It can be tempting to dive right in and try to find some patterns, but here’s where things start to get tricky. If you do the math, you may notice that the drop in percentages only suggests about 370 searches losing authorship mark-up. So, how did we end up with a list of 628 keywords? It turns out that 260 keywords actually gained authorship mark-up during the same period. So, while there was a significant net loss, there were both winners and losers.

It’s also worth noting that many of these queries have a news component and probably a QDF (Query Deserves Freshness) aspect to them, so the day-to-day presence of authorship mark-up can vary with the actual results returned. This calculation is almost certainly done in real-time and can be highly dynamic. Google doesn’t have a list of domains that either get authorship mark-up or don’t – they’re making a decision on the fly based on the interaction of the query, page, and domain.

What can you do about it?

It’s important to realize that, while losing authorship mark-up for some of your search terms may be upsetting, this is not a penalty in the traditional sense. Google has lowered the volume, so to speak – they seem to feel that authorship was too prominent and that the quality bar may have been set a little too low.

So, if you lost mark-up, does that mean your site is necessarily low quality? No, at least not in the sense you or I understand the word. It’s more likely that Google was awarding authorship mark-up simply based on on-page tags or superficial factors and wasn’t looking at how those factors were supported by other ranking signals. So, you may need a bit more corroborating evidence (a solid link profile, social mentions, etc.) to get your authorship to be recognized.
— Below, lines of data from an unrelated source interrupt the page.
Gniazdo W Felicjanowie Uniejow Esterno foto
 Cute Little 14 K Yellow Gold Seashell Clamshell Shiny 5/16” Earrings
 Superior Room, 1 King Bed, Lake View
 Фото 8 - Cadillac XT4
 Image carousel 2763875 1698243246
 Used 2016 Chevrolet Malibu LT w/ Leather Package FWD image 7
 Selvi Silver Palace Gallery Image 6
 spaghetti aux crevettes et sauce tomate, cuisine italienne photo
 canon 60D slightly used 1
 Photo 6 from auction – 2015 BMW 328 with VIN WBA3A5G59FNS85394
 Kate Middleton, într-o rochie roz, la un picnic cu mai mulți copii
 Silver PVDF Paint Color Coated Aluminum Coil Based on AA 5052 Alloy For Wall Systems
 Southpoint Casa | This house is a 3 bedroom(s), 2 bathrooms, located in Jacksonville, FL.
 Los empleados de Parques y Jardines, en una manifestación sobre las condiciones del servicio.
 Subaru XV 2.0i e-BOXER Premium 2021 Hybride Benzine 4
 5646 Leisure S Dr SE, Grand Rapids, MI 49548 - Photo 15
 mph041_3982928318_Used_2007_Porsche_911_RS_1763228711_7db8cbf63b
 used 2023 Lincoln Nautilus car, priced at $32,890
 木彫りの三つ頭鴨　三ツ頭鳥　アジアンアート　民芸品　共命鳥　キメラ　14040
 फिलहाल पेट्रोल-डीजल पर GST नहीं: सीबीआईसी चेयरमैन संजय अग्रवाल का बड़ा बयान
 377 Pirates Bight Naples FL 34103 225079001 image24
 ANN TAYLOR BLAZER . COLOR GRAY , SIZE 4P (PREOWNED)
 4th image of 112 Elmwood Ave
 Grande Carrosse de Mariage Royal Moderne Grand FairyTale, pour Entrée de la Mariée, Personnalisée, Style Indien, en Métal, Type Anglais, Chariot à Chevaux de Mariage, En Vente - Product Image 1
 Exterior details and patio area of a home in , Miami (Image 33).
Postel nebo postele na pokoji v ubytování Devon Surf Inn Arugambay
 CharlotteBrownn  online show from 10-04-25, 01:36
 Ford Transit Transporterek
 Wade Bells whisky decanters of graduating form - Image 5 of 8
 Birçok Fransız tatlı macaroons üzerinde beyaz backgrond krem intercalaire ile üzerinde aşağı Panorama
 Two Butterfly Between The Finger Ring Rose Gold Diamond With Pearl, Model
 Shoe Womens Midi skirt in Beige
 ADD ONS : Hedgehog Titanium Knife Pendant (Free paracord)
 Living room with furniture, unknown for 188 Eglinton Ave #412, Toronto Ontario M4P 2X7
Ultimately, authorship mark-up is a nice-to-have, but don’t bet the farm on it. Google+ is only 2-1/2 years old, and Google is just beginning to understand how to measure authorship and individual authority (what some people call “AuthorRank”, although that implies a specific metric that may or may not exist yet). Improving your individual authority and building your social profiles makes sense for many reasons, but getting hung up on the micro-details of authorship mark-up and watching it appear and disappear day-by-day is probably only going to drive you crazy.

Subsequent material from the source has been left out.